In the 2009 Conseil d'État/Staatsrat election a total of 718 votes were cast, of which 67 or about 9.3% were invalid. The voter participation was 62.8%, which is much more than the cantonal average of 54.67%. In the 2007 Swiss Council of States election a total of 698 votes were cast, of which 49 or about 7.0% were invalid. The voter participation was 61.9%, which is similar to the cantonal average of 59.88%.

==Economy==
As of In 2010 2010, Veyras had an unemployment rate of 3.4%. As of 2008, there were 26 people employed in the primary economic sector and about 11 businesses involved in this sector. 69 people were employed in the secondary sector and there were 12 businesses in this sector. 79 people were employed in the tertiary sector, with 23 businesses in this sector. There were 705 residents of the municipality who were employed in some capacity, of which females made up 44.7% of the workforce.

In 2008 the total number of full-time equivalent jobs was 126. The number of jobs in the primary sector was 14, all of which were in agriculture. The number of jobs in the secondary sector was 61 of which 35 or (57.4%) were in manufacturing and 25 (41.0%) were in construction. The number of jobs in the tertiary sector was 51. In the tertiary sector; 8 or 15.7% were in wholesale or retail sales or the repair of motor vehicles, 2 or 3.9% were in the movement and storage of goods, 16 or 31.4% were in a hotel or restaurant, 2 or 3.9% were in the information industry, 1 was the insurance or financial industry, 3 or 5.9% were technical professionals or scientists, 8 or 15.7% were in education and 3 or 5.9% were in health care.

In 2000, there were 82 workers who commuted into the municipality and 585 workers who commuted away. The municipality is a net exporter of workers, with about 7.1 workers leaving the municipality for every one entering. Of the working population, 8.8% used public transportation to get to work, and 76.3% used a private car.

==Religion==
From the 2000 census, 1,144 or 80.5% were Roman Catholic, while 95 or 6.7% belonged to the Swiss Reformed Church.
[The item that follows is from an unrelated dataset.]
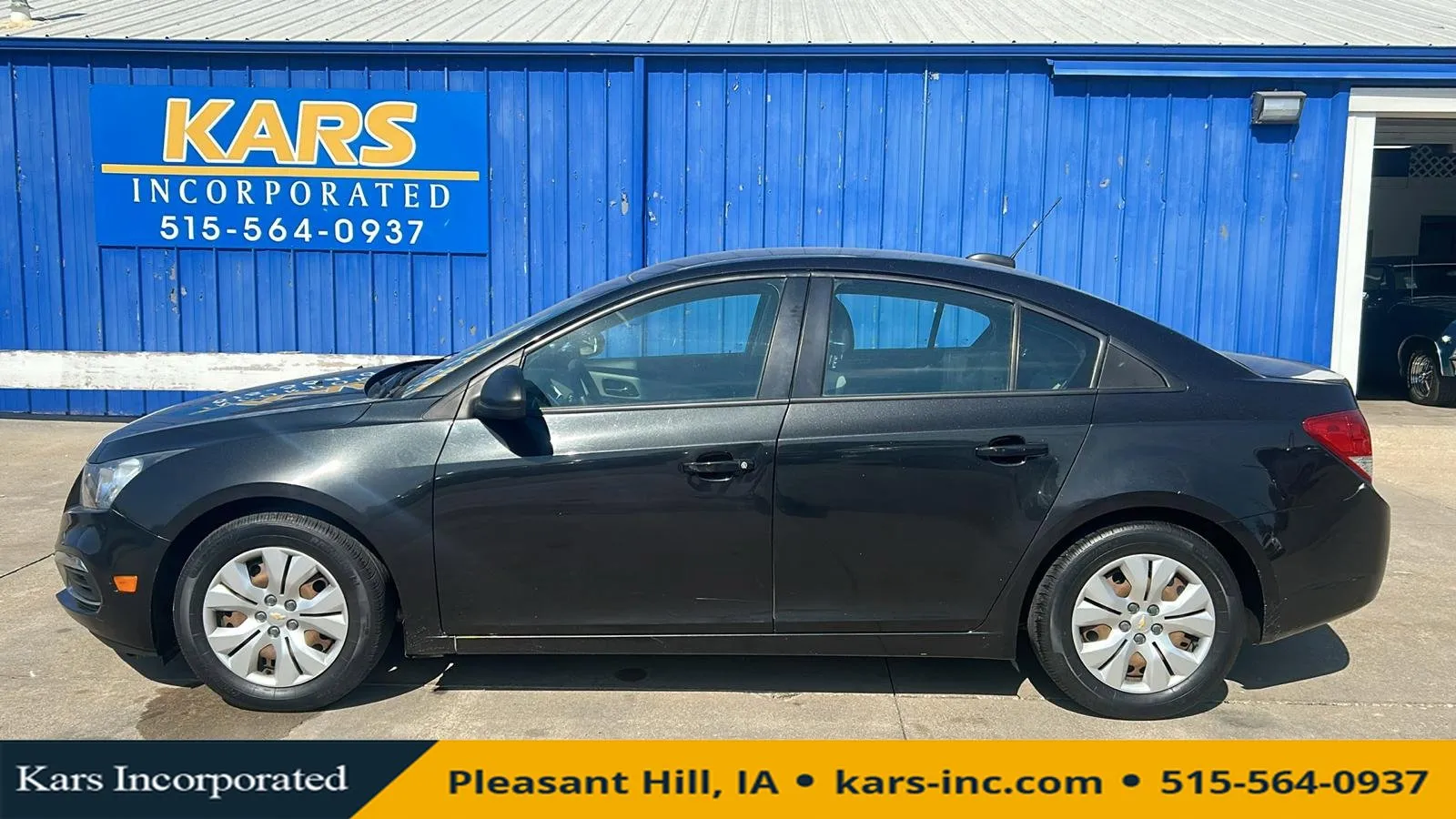 Used 2021 Chevrolet Malibu LS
Of the rest of the population, there were 9 members of an Orthodox church (or about 0.63% of the population), and there were 40 individuals (or about 2.81% of the population) who belonged to another Christian church. There was 1 individual who was Jewish, and 7 (or about 0.49% of the population) who were Islamic. There were 5 individuals who belonged to another church. 69 (or about 4.85% of the population) belonged to no church, are agnostic or atheist, and 69 individuals (or about 4.85% of the population) did not answer the question.

==Education==
In Veyras about 481 or (33.8%) of the population have completed non-mandatory upper secondary education, and 238 or (16.7%) have completed additional higher education (either university or a Fachhochschule). Of the 238 who completed tertiary schooling, 60.9% were Swiss men, 27.3% were Swiss women, 7.1% were non-Swiss men and 4.6% were non-Swiss women.

As of 2000, there were 2 students in Veyras who came from another municipality, while 144 residents attended schools outside the municipality.

==Notable residents==
- Rainer Maria Rilke (1875-1926), Bohemian-Austrian poet, lived here from 1921 to 1926 and completed his Duino Elegies, a collection of ten long poems, at the Château de Muzot in 1922.
- Baladine Klossowska (1886-1969), painter, the last lover of Rainer Maria Rilke.
- Balthus (1908-2001), artist and son of Baladine Klossowska, as a child.
- Pierre Klossowski (1905-2001), artist and son of Baladine Klossowska, as a child.